Il messaggio del Papa
“è artista di altissimo valore universale che ha ancora tanto da dire e da donare" a quanti sono desiserosi di proseguire la via della "autentica conoscenza". Lo ha sottolineato Papa Francesco nel suo messaggio di saluto, letto nell'Aula del Senato dal presidente del pontificio consiglio della cultura, Cardinale Gianfranco Ravasi. Un messaggio accolto da un grande appaluso dei presenti. In Aula il capo dello Stato, Sergio Mattarella, il ministro per i beni culturali Dario Franceschini. Dante e' "profeta di speranza, annunciatore della possibilita' di riscatto di ogni uomo e donna". Possiamo, dunque, "arricchirci della sua esperienza per attraversare le tante selve oscure disseminate sulla nostra terra", ha anche scritto il Papa nel suo messaggio (Agi, 4 maggio).

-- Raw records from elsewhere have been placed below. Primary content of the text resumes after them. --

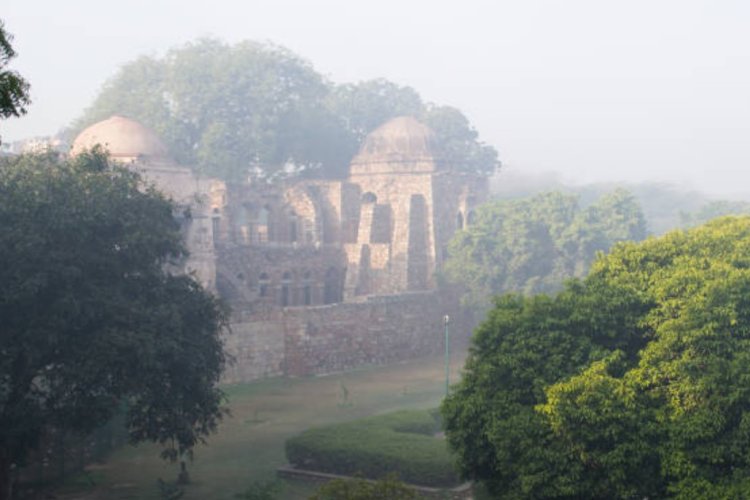 Delhi air pollution crisis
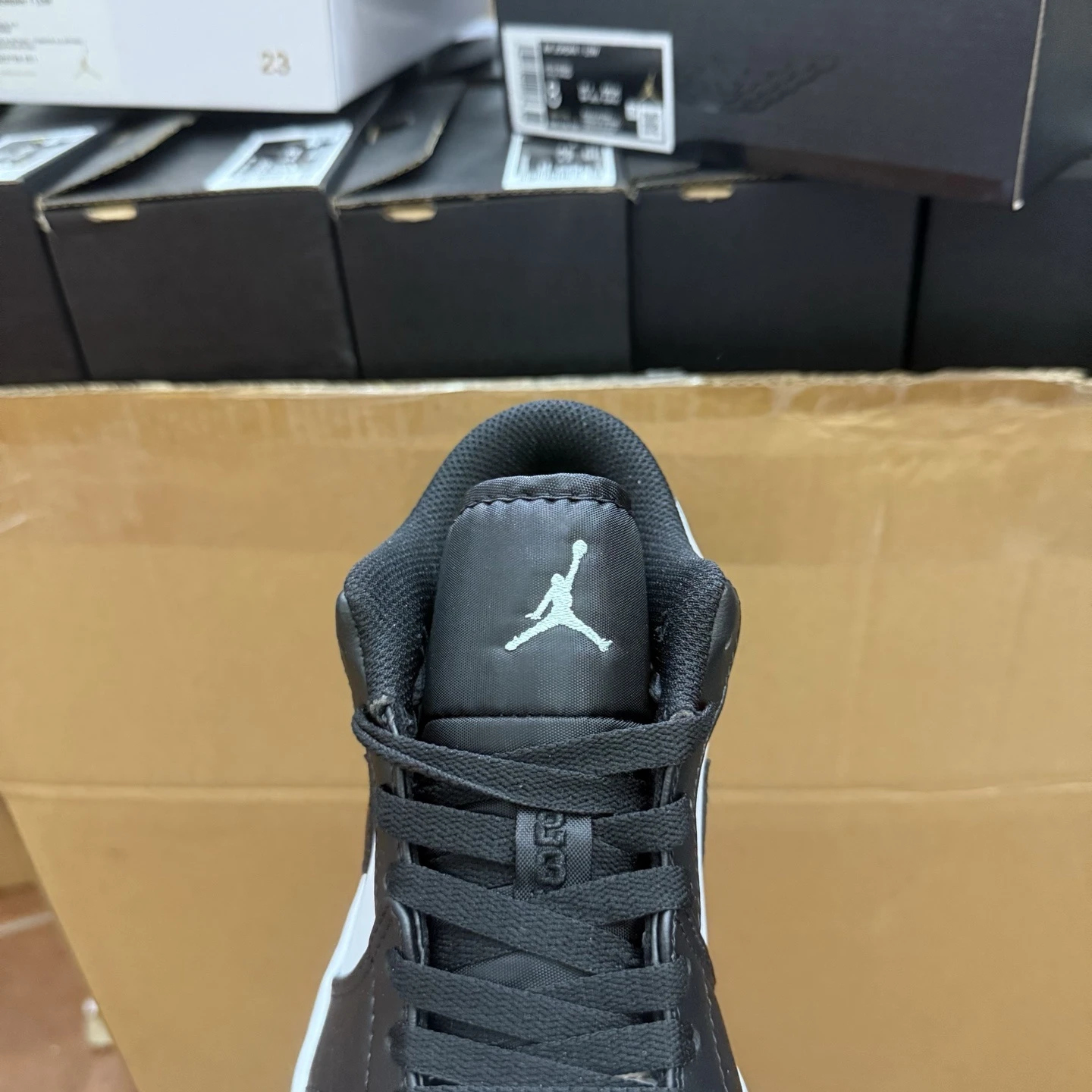 Air Jordan Low – Classic Panda Edition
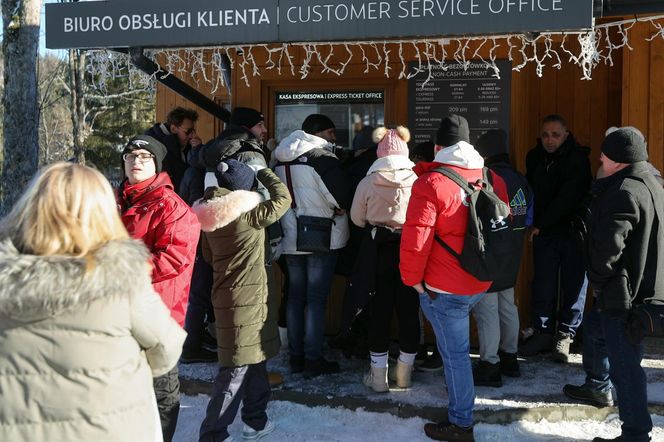 Zakopane pełne turystów w okresie świąteczno-noworocznym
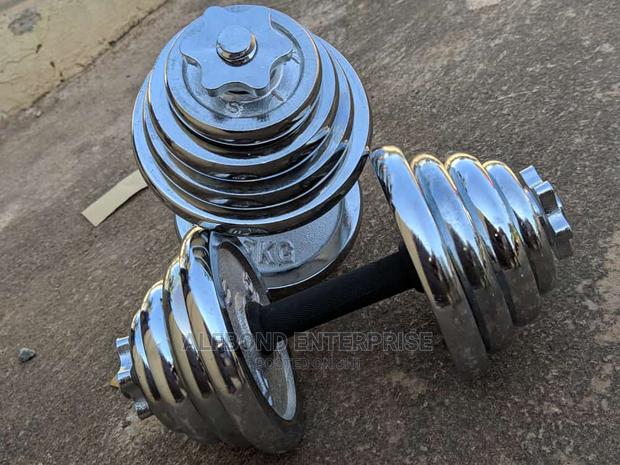 35kg Adjustable Dumbbells · Photo 3
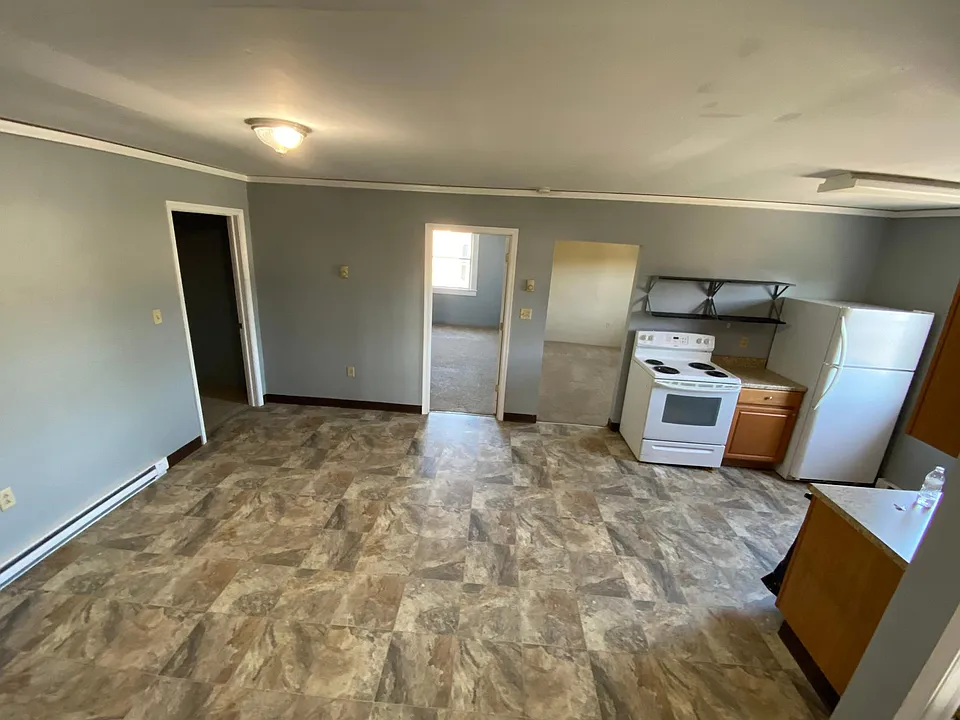 127 Brook St #2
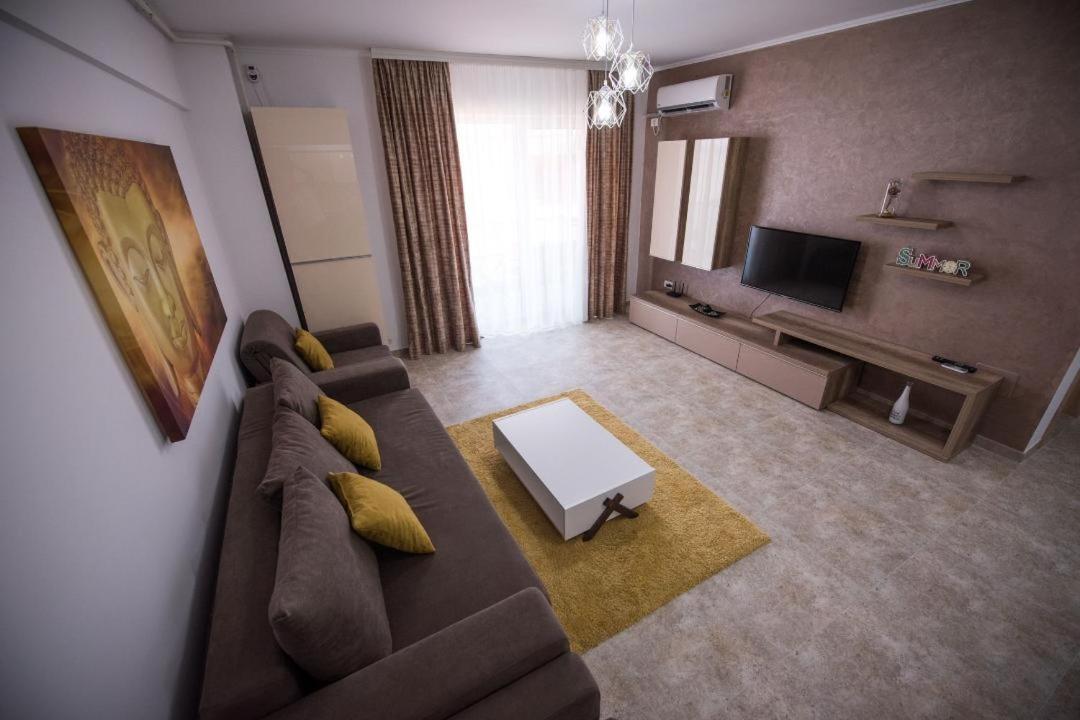 Sophia 2 & Moonlight Apartaments Mamaia Bagian luar foto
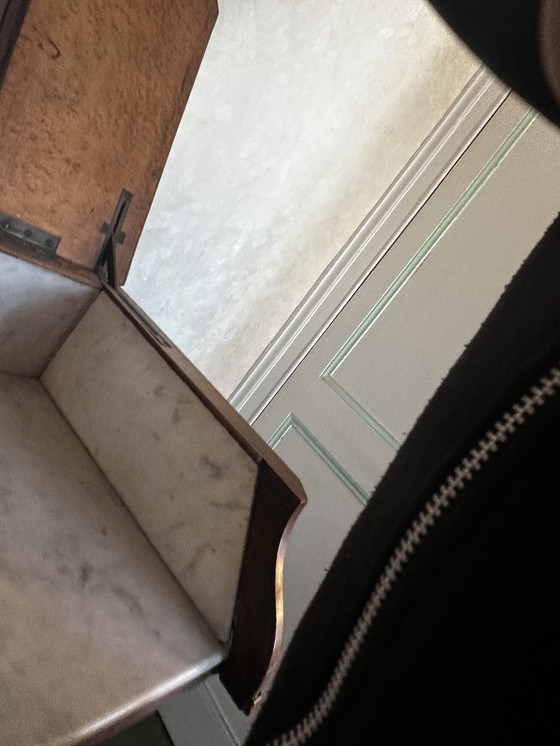 Image 1 of Commode de toilette XIX e s en noyer et marmo stile Luigi Filippo 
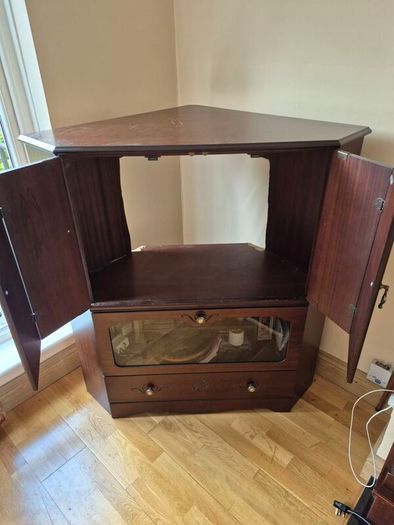 vintage mahogany corner TV unit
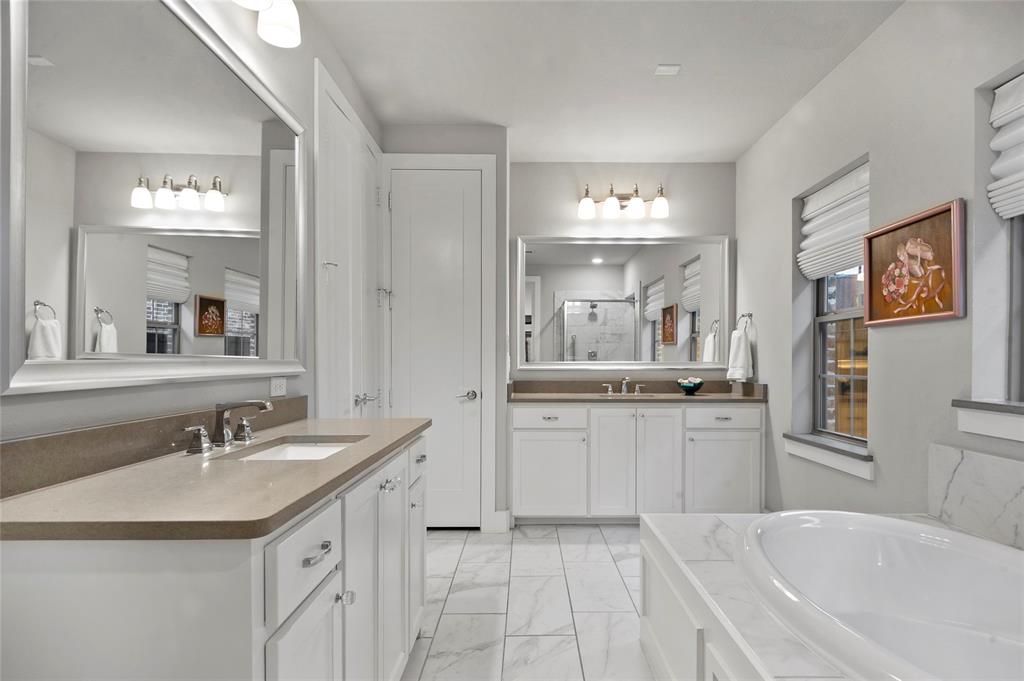 Castle Hills - Ph - Residential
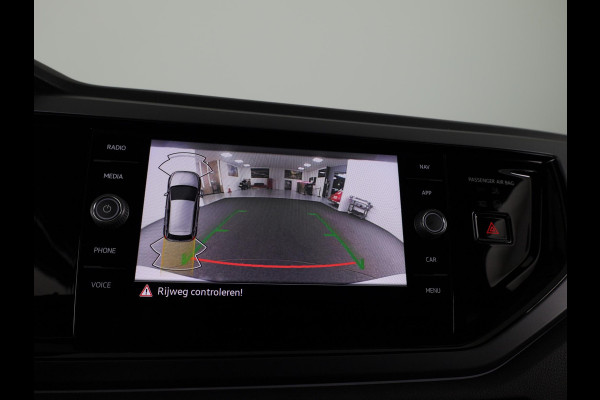 Volkswagen Polo 1.0 TSI R-Line Business 95PK | Panoramadak | Camera | Stoelverwarming | Verlengde garantie | Digitaal dashboard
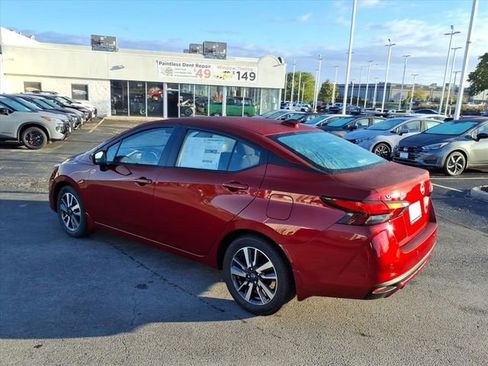 New 2025 Nissan Versa SV w/ Trunk Package image 5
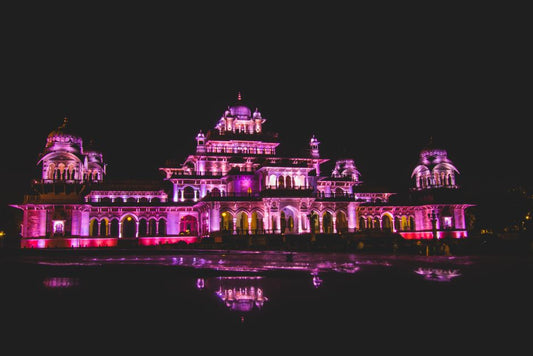 The Maharaja's Mashru: How Silk Road Spinel Jewels Shaped Mughal Imperial Identity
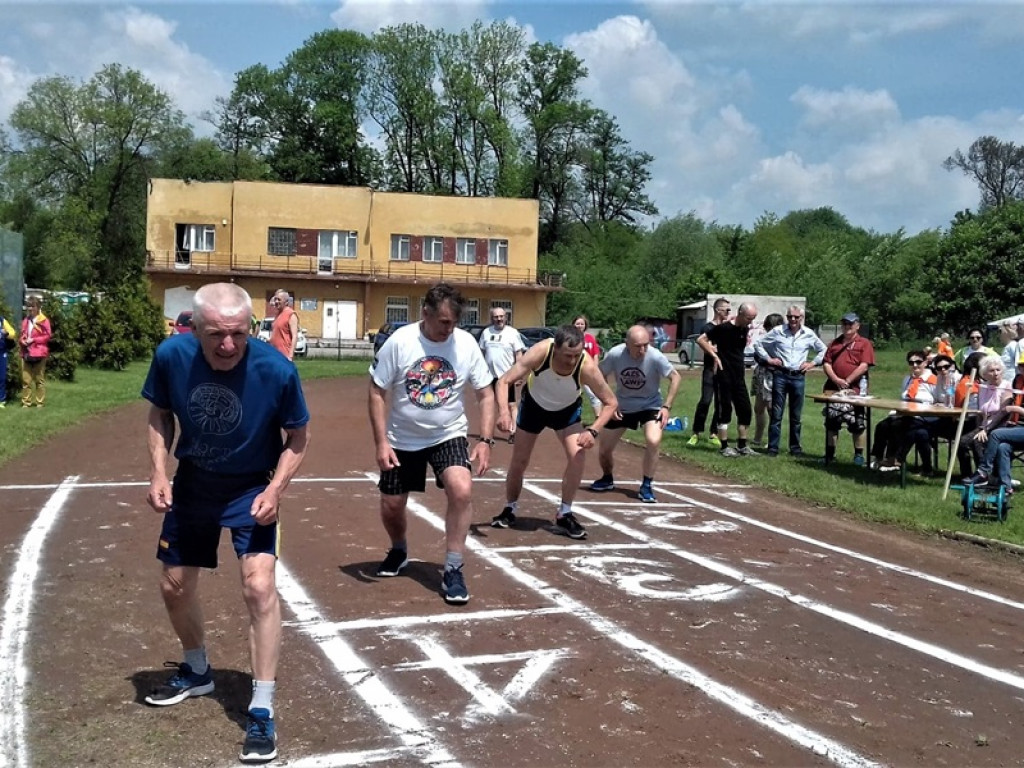 Seniorka z Łowicza z brązowym medalem za pchnięcie kulą
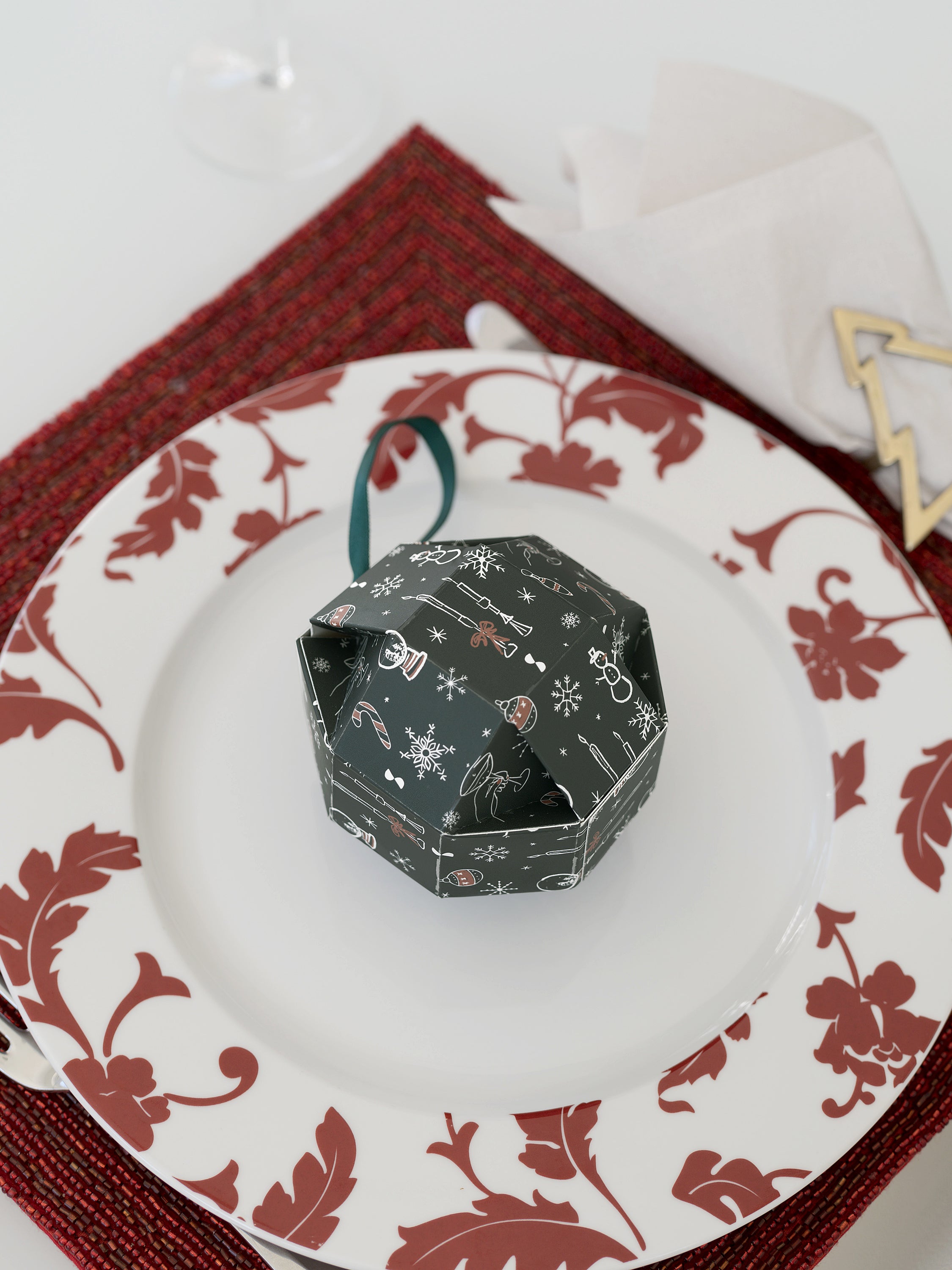 Stackers Jewellery Box Keychain in Decorative Christmas Ball Taupe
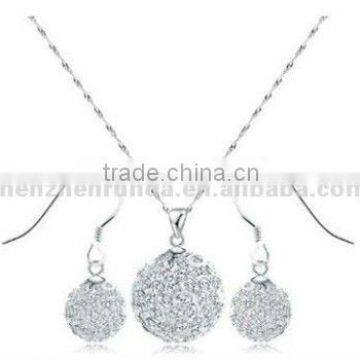 White Crystal Earring And White Ball Wedding Pendant Necklace With Jewelry Sets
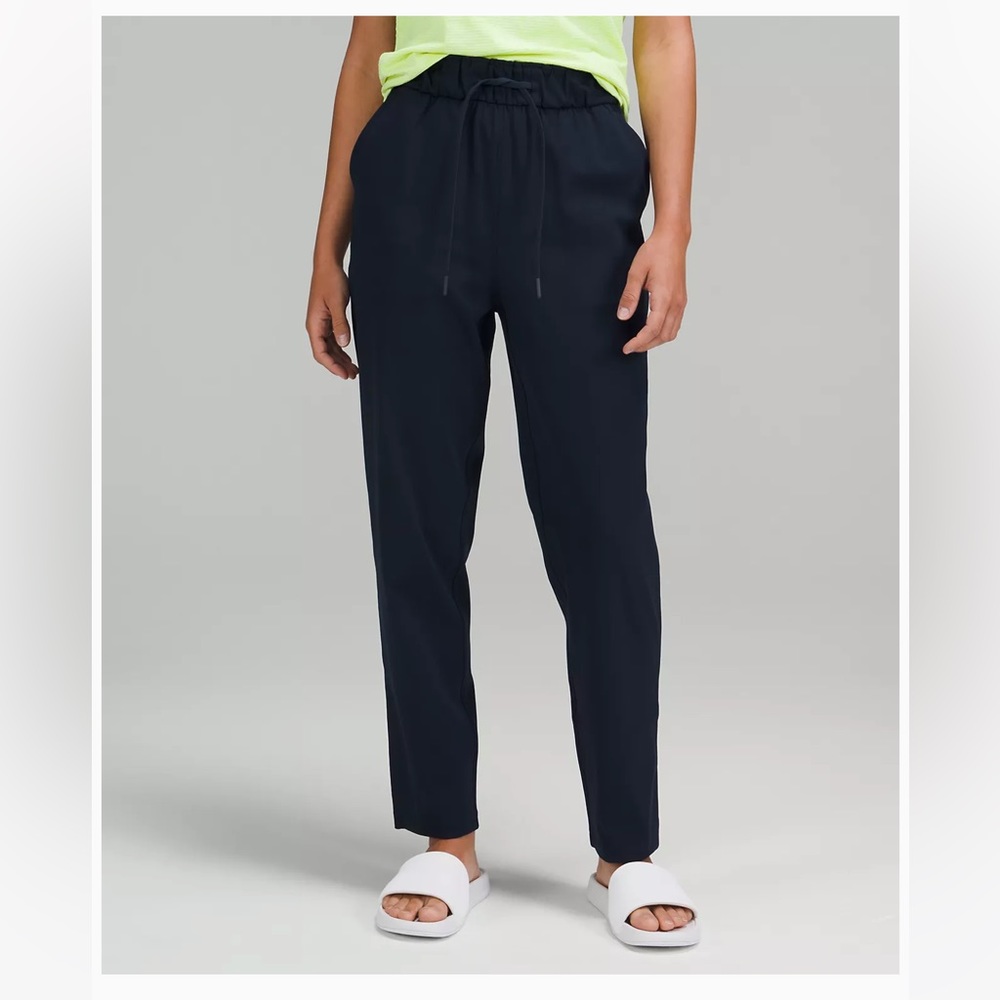 Lululemon Navy Stretch High-Rise Pant Size 2 - Picture 3 of 10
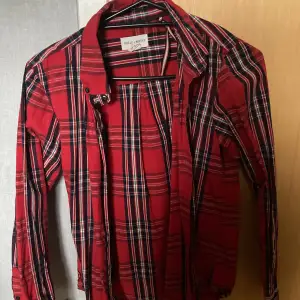 Rödrutig skjorta med storlek 164 Märker är holly  whyte från LINDEX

«La Commedia – osserva Bergoglio – può essere letta infatti come un grande itinerario, anzi come un vero pellegrinaggio, sia personale e interiore, sia comunitario, ecclesiale, sociale e storico. Essa rappresenta il paradigma di ogni autentico viaggio in cui l'umanità è chiamata a lasciare quella che Dante definisce “l'aiuola che ci fa tanto feroci”, per giungere a una nuova condizione, segnata dall'armonia, dalla pace, dalla felicità». «È questo l'orizzonte di ogni autentico umanesimo», sottolinea Papa Bergoglio ricordando nell'occasione le attestazioni dei suoi predecessori riguardo «alla sua grandezza non solo artistica ma anche teologica e culturale: Benedetto XV – elenca il Pontefice nella lettera indirizzata a Ravasi – dedicò al sesto centenario della morte, l'enciclica “In praeclara summorum”, datata 30 aprile 1921» per evidenziare «l'intima unione di Dante con la Cattedra di Pietro» e sottolineare «la prodigiosa vastità e acutezza del suo ingegno»; anche il beato Paolo VI, poi, «ebbe particolarmente a cuore la figura e l'opera di Dante, a cui dedicò la bellissima Lettera Apostolica “Altissimi cantus”, in cui con l'espressione “Dante è nostro” rivendicava l'appartenenza dell'Alighieri alla fede cattolica e che “il fine della Commedia è primariamente pratico e trasformante: dal disordine alla saggezza, dal peccato alla santità, dalla miseria alla felicità, dalla contemplazione terrificante dell'inferno a quella beatificante del paradiso”»; «Anche san Giovanni Paolo II e Benedetto XVI – ricorda Francesco – si sono spesso riferiti alle opere del Sommo Poeta e lo hanno più volte citato». «E – conclude Bergoglio citando la sua «Lumen fidei» – ho scelto anch'io di attingere a quell'immenso patrimonio di immagini, di simboli, di valori costituito dall'opera dantesca: per descrivere la luce della fede, luce da riscoprire e recuperare affinché illumini tutta l'esistenza umana, mi sono basato proprio sulle suggestive parole del Poeta, che la rappresenta come “favilla, / che si dilata in fiamma poi vivace / e come stella in cielo in me scintilla”» (Vatican Insider, 4 maggio).